AgentD / squashfs-tools-ng

A new set of tools and libraries for working with SquashFS images
Other
194 stars 30 forks source link

Read from pipe (tar2sqfs, sqfs2tar) #24

Closed ulziibuyan closed 4 years ago

ulziibuyan commented 4 years ago

Do you have plans to support reading from stdin in those tools? I'm working on a feature in LXD to be able to import/export containers in SquashFS format. It would be nice if tar2sqfs and sqfs2tar tools could do that (actually it would be very efficient).

If you plan to support, I might be able to work on a pull-request. If you provide some guidelines that would be awesome too. Thanks!

AgentD commented 4 years ago

Regarding tarballs: tar2sqfs reads tarballs from stdin, sqfs2tar writes to stdout. In both cases this may be a pipe.

If you mean the SquashFS image itself, that isn't as easy: If you read the filesystem from stdin, you will sift through the data area first, but you don't know the structure of the data, i.e. which blocks are parts of files, what they are called an so on.
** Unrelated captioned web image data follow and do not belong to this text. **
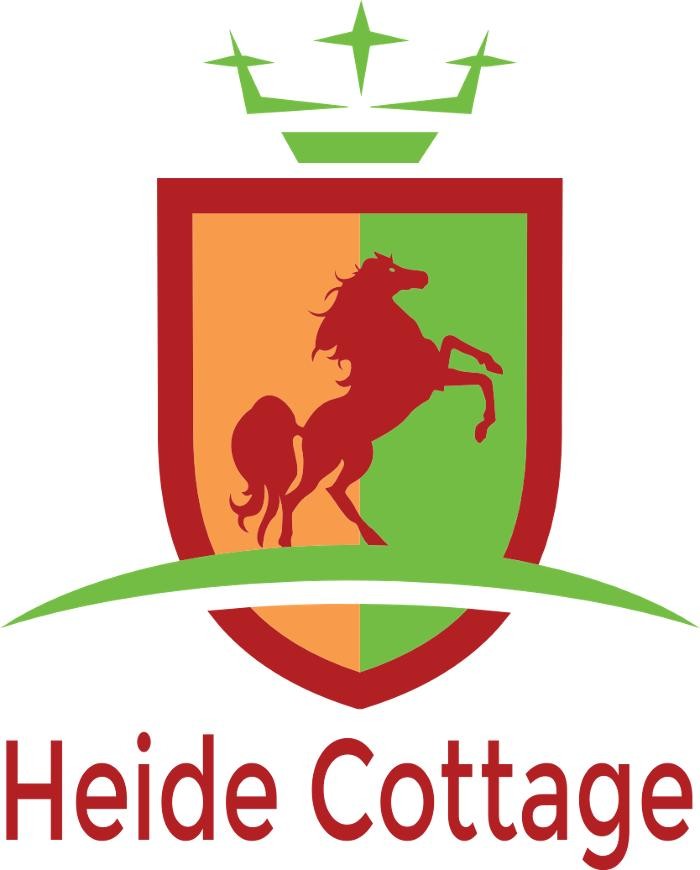 Heide Cottage Logo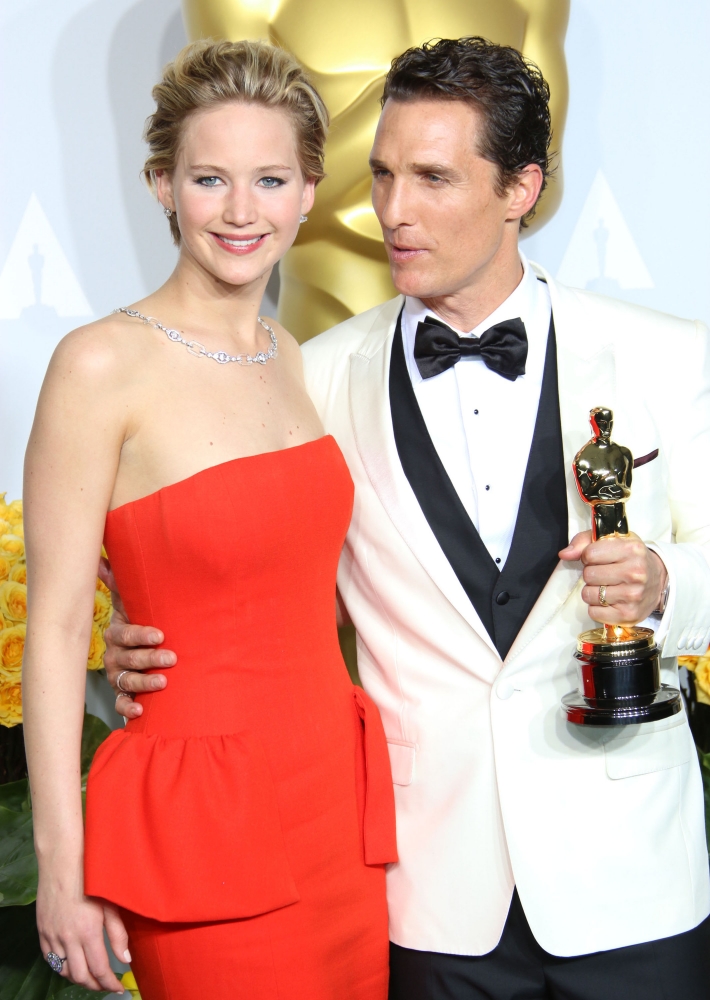 PR_OSCARS14_0128.jpg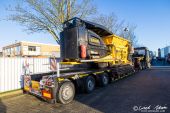 Volvo_FH5_16_VKing002.jpg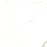 SPC POD CARRARA MRAMOR 1220x305x5mm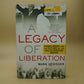 A Legacy of Liberation: Thabo Mbeki and the Future of the South African Dream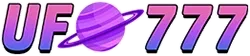 ufo777 — logo kanal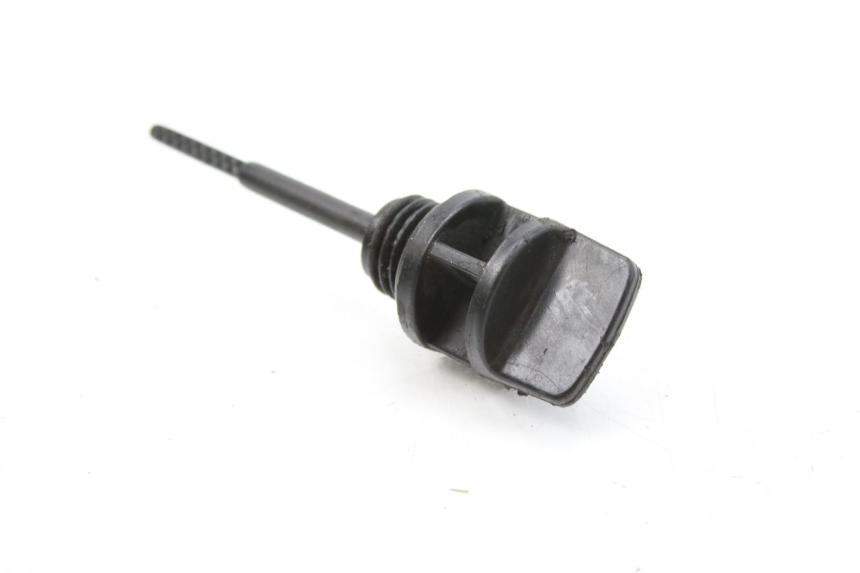 photo de MEDIDOR DE ACEITE DEL MOTOR NECO ONE 4T 50 (2011 - 2020) - Zoom estado de uso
Your only chance would be to splice the data out to some temporary location until you get to the inode table, which basically amounts to making a temporary copy of almost the entire image.

If you try to generate a SquashFS image on stdout, you have the problem that you can't seek back later to update the super block, once you know the exact layout, which you can't know in advance if the data comes from a tarball on stdin. This even becomes a problem if you do know the filesystem tree but do deduplication afterwards.

ulziibuyan commented 4 years ago

Thanks. Now that you've described, implementing such feature directly into the tools sounds somewhat unnecessary. The reason I'm trying to make your tools work this way is because I'm looking at them as a compression tool in line with gzip, bzip2, xz etc.. They support read form and output to pipes at the same time.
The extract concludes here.